I think the "drinking photos" example is illustrative because it's extreme,
but I think the real, widespread pain points --- I know the ones I have, at
least --- are more along the lines you mentioned.

Sure, you can put up certain walls relatively easy (i.e. only these friends
can see my pictures).

But I think you hit on the essence of contextual sharing, which is that
privacy aside, you simply want to share different things with different
people.

I want to share the Paul Graham essay with only my start-up friends, I want to
share the new NoSQL db github link with only my hacker friends, I want to talk
smack about fantasy football with only those people, I want to post my family
vacation pictures to only my family, etc.

------
davi
Previous good discussion on HN: <http://news.ycombinator.com/item?id=1603374>

------
zalzally
What about Search/Discovery? Sure, Facebook's Open Graph is being cultivated
by all of us as we like and share stuff, but currently, there's no way to
search through my feeds, what I've liked, what my friends have liked, the most
popular liked items, and any slicing/dicing of that data. I'm sure they're
working on it, but it seems like a major gap right now.

------
percept
The life cycle of any large company: they'll grow too large to innovate, and
ambitious folks will leave for greener pastures.

------
yurylifshits
I think the answer is "Business/Enterprise"

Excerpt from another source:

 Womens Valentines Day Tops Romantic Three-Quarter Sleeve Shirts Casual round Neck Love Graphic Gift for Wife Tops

Facebook is a brilliant consumer web company, but they never looked at
enterprise market. Enterprise market is bigger (but less sexy) than consumer
market. So it is possible to build a new technology powerhouse from enterprise
revenue and eventually beat Facebook for the next generation of talent.

------
raarky
Fashion... It could be uncool, people could just become bored with it or
something better comes up.

Look at what happened to myspace

------
mdasen
It could be a number of things.

Right now, there's a danger that people start thinking of Facebook as the
company that's good for status updates and photos. That might prove to be a
long term facet of our lives, but it could also prove to be fleeting. Another
example of this could be users thinking of Google as that search company and
ignoring the company's attempts at other products. There's lots of ways to
take social software, but there's a potential that people will popularly think
of Facebook as the status message and friend-tagged photo company.

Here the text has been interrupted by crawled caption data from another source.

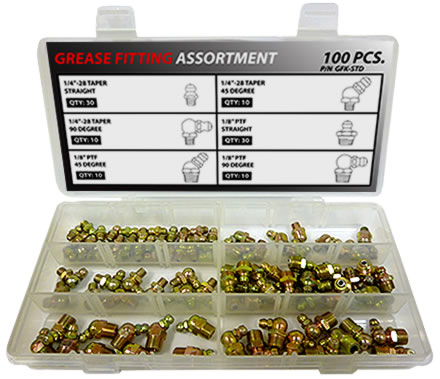 100pc Standard Grease Fitting Assortment Kit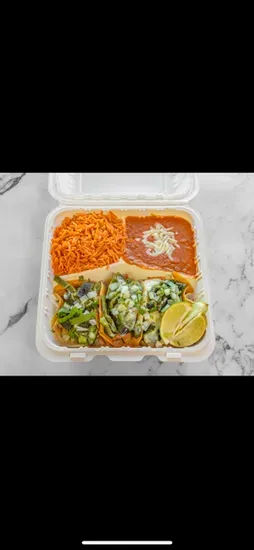 Chili Relleno taco platter (3) NO MEAT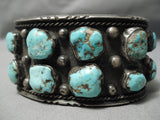 Huge And Heavy!! Vintage Native American Navajo Spiderweb Turquoise Sterling Silver Bracelet Old-Nativo Arts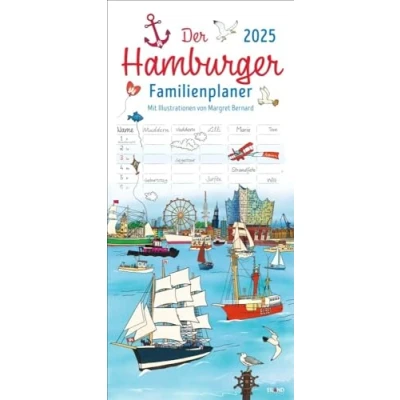Abbildung von Der Hamburger Familienplaner 2025 Margret Bernard: Familienkalender mit 5 Spalten. Witziger Familien Wandkalender Schulferien. Hamburg Kalender 2025. (Familienplaner Eiland)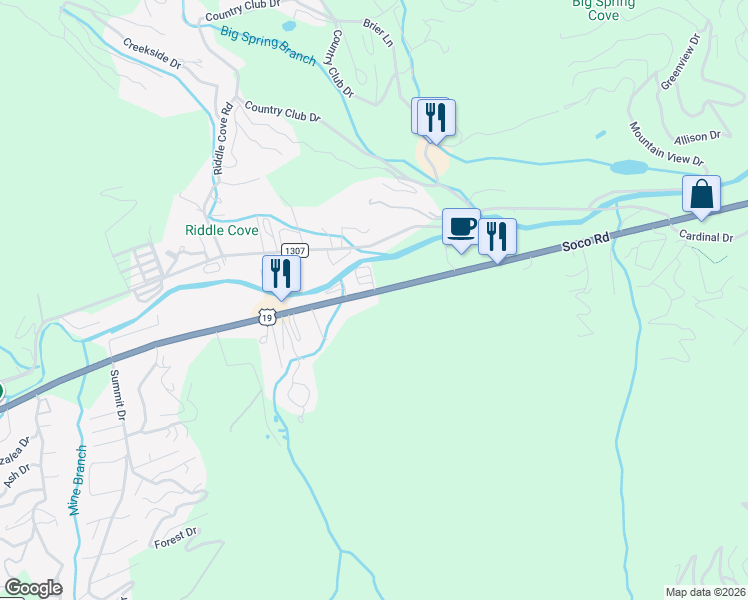 map of restaurants, bars, coffee shops, grocery stores, and more near 1361 Soco Road in Maggie Valley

Facebook's barrier to entry (its closed social graph) is both its strongest
asset and its greatest weakness. A barrier to entry like this means that most
of your competition is gone. You can get used to having very limited, if any,
competition because if someone's 20% or 50% better than you are, the barrier
to entry slaps them down and maybe you even buy them and incorporate them into
you on the cheap. But then someone comes along who is a genius and changes
things and shoots the moon. A bit of a comparison here could be Microsoft.
Apple was weak for a long time. The Win32 API was a huge barrier to entry.
Then a lot of forces conspired to really break Microsoft. The rise of the
platform-independent web (with Google, Apple, Mozilla, open-source, and
others), Apple's resurgence (where they took Microsoft by surprise on
handhelds and might have even sent Windows Mobile to the annals of history),
and just the changing landscape. I mean, I remember a time when I thought my
Mac would always feel like an also-ran platform unless Microsoft was forced to
open up the Win32 API. Nowadays, I don't think any of us Mac users feel like
we're on an also-ran platform (at least not in the way it felt years ago).

People's tastes might change. Right now, people want a connected, low-privacy
social graph. In 10 years, we might feel different. People's preferences
change.

Facebook might become generationally limited. A lot of us got on Facebook in
college. I remember when you could list your courses and find people in your
classes. Some non-Facebook company might hit critical mass in a different
generation of users who might see Facebook as lame because their parents are
on it.

Those are a few that came to my mind. I'm not saying that Facebook can't rise
to the challenges. They've shown themselves to be quite an adept company.
However, it's hard to predict the future and social networking is something
that everyone seems to be gunning for. Others are trying to out-maneuver
Facebook and users can be fickle.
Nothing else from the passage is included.